▸ **DATASET CONTENT**:

[Start of Attachment]

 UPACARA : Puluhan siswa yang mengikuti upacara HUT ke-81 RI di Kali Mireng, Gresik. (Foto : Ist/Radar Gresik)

[End of Attachment]
[Start of Attachment]

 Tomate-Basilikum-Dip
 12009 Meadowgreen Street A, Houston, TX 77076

[End of Attachment]

▸ **HOW TO COMPLETE THIS TASK**:
Copy the entries above exactly, but only from the line holding "Tomate-Basilikum-Dip" through the line holding "12009 Meadowgreen Street", both included.

▸ **ANSWER TO THIS PROBLEM**:
 Tomate-Basilikum-Dip
 12009 Meadowgreen Street A, Houston, TX 77076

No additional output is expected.